Atuação de Bolsonaro
Bolsonaro convocou ministros a agirem antes das eleições
O vídeo da reunião também mostra o ex-presidente Jair Bolsonaro (PL) dizendo a ministros que era necessário agir antes das eleições para que o Brasil não virasse “uma grande guerrilha”.
Segundo a PF, na reunião, o então presidente ordenou a disseminação de informações fraudulentas para tentar reverter a situação na disputa eleitoral.
“Nós sabemos que, se a gente reagir depois das eleições, vai ter um caos no Brasil, vai virar uma grande guerrilha, uma fogueira no Brasil. Agora, alguém tem dúvida que a esquerda, como está indo, vai ganhar as eleições? Não adianta eu ter 80% dos votos. Eles vão ganhar as eleições”, disse.
As supostas fraudes eleitorais alegadas por Bolsonaro ao longo de quatro anos de mandato nunca existiram. A lisura do processo e a confiança no resultado foram reafirmadas por autoridades nacionais e internacionais, diversas vezes.
Operação da PF
Bolsonaro é alvo de operação da PF que investiga tentativa de golpe de Estado
A gravação da reunião é uma das peças que embasaram a operação da PF contra militares e ex-ministros suspeitos de participarem de uma tentativa de golpe de Estado.

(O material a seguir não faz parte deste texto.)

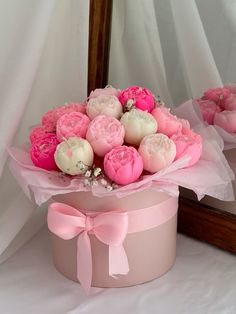 a pink and white flower arrangement in a round box on a table next to a mirror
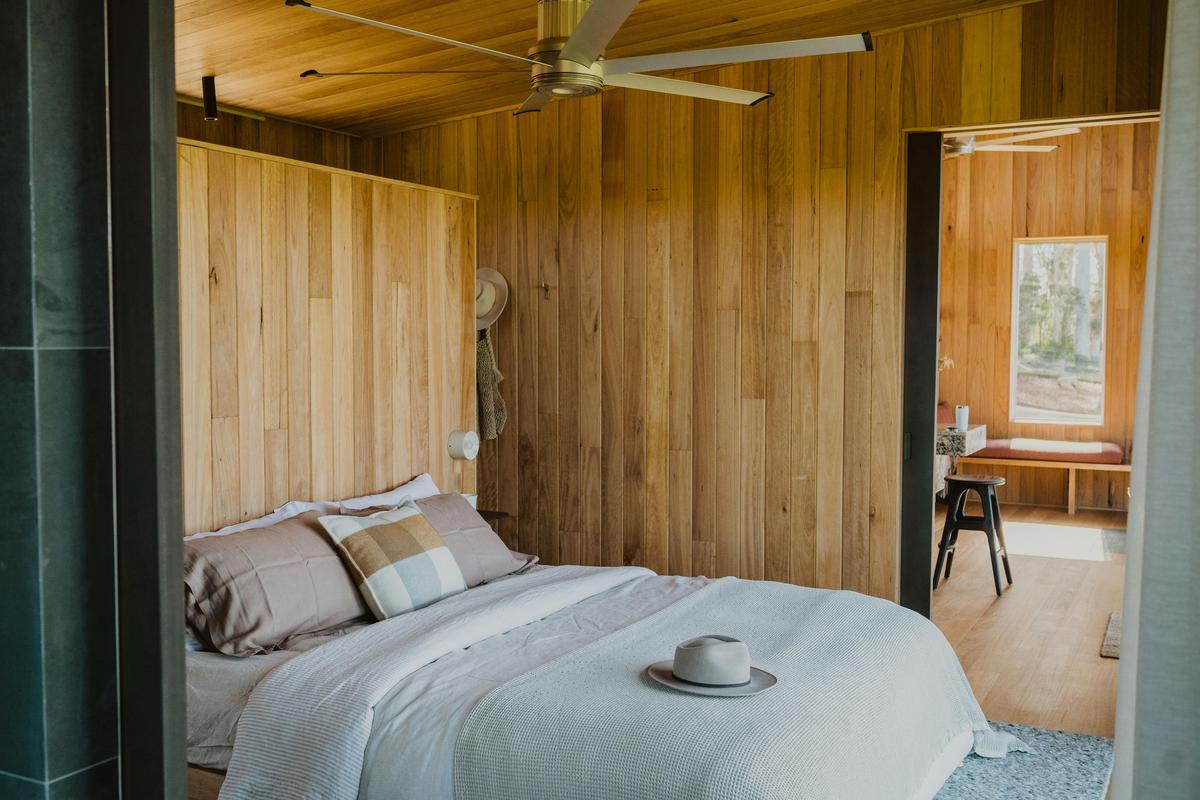 King bed draped in french linen in Cabin Wren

Entenda a operação:
Havia 33 mandados de busca e apreensão e quatro mandados de prisão preventiva para serem cumpridos na operação Tempus Veritatis (que significa “hora da verdade”, em latim), que foi autorizada pelo ministro Alexandre de Moraes. Veja aqui todos os alvos da operação.
O passaporte de Jair Bolsonaro foi apreendido e ele está proibido de falar com os investigados.
O presidente do PL, Valdemar Costa Neto, foi alvo de um mandado de busca, mas acabou preso em flagrante por posse irregular de arma de fogo. Uma pepita de ouro foi apreendida com ele.
Na sede do PL, foi encontrado na sala de Bolsonaro um documento que defende e anuncia a decretação de um estado de sítio e da garantia da lei e da ordem no país.
O relatório da PF afirma que o grupo agia em seis núcleos para organizar uma tentativa de golpe de Estado. Veja detalhes aqui.
Nomes próximos ao ex-presidente, como Braga Netto e Augusto Heleno, também foram alvos de busca e apreensão.
O ex-assessor especial de Bolsonaro Filipe Martins, que, segundo a PF, foi quem entregou a minuta do golpe a Bolsonaro, e mais dois militares foram presos. Um quarto mandado de prisão foi expedido contra um coronel, mas ele não foi detido porque estava nos Estados Unidos, mas já será trazido ao Brasil. Veja aqui os motivos da Procuradoria-Geral da República para pedir as quatro prisões.
A operação mirou ainda o ex-ministro da Justiça Anderson Torres, com quem já havia sido encontrada uma minuta do golpe, e o ex-assessor de Bolsonaro Tércio Arnaud, apontado como integrante do chamado “gabinete do ódio”. Eles são acusados de integrar um núcleo de desinformação e ataques ao sistema eleitoral.
O advogado Amauri Feres Saad, que teria prestado assessoria jurídica para a elaboração da minuta, também foi alvo da PF.
Outro alvo foi um padre católico conservador de Osasco (SP) que, segundo a PF, assessorava na elaboração de minutas de decretos golpistas.